Exercise —
Report how many lines in the records carry the string "background", and give no further text.

________________

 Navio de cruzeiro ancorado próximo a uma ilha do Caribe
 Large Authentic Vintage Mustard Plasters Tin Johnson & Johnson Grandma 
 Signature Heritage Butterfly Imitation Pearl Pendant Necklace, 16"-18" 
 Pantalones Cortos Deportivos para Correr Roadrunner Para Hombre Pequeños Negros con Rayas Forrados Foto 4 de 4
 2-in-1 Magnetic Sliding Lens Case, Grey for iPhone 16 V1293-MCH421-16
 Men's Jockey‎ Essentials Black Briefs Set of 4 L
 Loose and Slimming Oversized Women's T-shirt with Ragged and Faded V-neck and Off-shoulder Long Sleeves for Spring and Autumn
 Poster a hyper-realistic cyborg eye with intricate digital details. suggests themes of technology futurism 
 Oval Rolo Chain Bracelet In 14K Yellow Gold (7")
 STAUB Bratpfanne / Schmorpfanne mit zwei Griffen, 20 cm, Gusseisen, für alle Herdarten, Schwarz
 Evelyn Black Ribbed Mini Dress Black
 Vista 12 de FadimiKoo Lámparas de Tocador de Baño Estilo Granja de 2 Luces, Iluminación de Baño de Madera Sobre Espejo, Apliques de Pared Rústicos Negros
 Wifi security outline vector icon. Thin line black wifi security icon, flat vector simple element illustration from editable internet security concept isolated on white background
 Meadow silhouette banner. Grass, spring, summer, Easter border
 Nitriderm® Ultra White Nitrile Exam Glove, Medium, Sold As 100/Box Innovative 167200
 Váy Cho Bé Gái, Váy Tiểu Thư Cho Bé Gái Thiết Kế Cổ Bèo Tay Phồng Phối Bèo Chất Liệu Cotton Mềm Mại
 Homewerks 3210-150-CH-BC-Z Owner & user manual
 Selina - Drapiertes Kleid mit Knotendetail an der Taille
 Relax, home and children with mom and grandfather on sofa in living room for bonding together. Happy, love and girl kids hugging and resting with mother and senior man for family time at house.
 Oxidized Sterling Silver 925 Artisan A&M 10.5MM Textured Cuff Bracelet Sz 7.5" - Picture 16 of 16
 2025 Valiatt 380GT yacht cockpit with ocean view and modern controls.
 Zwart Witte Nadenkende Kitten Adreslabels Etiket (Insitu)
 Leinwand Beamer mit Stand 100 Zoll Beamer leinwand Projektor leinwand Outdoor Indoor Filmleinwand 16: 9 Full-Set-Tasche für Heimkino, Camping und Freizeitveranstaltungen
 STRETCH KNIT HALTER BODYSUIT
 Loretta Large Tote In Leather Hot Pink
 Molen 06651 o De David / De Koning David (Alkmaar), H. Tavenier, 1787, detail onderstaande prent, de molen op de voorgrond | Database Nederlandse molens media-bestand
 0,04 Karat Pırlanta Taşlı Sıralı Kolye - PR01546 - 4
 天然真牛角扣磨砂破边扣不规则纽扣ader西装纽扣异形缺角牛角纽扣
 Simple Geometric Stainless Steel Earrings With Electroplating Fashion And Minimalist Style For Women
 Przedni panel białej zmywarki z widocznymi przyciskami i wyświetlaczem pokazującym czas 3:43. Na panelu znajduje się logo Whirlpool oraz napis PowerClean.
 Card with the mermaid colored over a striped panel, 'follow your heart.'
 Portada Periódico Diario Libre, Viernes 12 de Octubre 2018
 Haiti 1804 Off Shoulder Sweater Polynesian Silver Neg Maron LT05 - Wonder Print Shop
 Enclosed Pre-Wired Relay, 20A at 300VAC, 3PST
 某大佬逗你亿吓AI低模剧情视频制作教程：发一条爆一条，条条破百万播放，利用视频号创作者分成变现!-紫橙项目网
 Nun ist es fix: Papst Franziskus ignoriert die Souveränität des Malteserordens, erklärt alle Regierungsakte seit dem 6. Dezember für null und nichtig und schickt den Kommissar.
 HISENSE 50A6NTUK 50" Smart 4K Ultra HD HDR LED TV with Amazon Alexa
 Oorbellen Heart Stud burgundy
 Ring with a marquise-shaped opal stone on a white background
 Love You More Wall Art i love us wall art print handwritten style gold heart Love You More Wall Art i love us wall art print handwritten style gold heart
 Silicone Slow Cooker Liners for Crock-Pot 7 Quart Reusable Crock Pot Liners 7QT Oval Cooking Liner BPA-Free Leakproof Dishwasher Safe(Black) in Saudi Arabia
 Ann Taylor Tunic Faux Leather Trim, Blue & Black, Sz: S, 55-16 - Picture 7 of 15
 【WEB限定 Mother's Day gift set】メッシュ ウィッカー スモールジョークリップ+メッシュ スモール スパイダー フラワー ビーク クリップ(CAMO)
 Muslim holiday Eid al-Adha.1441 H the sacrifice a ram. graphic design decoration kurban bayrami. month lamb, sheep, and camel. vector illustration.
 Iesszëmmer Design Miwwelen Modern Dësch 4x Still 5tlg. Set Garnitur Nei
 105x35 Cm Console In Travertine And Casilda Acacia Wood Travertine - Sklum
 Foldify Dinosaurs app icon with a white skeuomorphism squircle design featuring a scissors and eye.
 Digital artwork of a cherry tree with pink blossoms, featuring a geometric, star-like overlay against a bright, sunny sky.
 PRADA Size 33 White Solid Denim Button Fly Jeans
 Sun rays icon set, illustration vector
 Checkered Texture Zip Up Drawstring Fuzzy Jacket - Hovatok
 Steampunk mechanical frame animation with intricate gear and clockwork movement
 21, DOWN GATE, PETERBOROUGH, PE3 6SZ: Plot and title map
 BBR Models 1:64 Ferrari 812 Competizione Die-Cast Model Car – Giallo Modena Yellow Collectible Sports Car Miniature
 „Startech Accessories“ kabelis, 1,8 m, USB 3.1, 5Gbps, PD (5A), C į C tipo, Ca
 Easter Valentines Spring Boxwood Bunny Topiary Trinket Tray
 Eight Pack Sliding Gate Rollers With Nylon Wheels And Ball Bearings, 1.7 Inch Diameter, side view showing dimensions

________________

Answer section —
2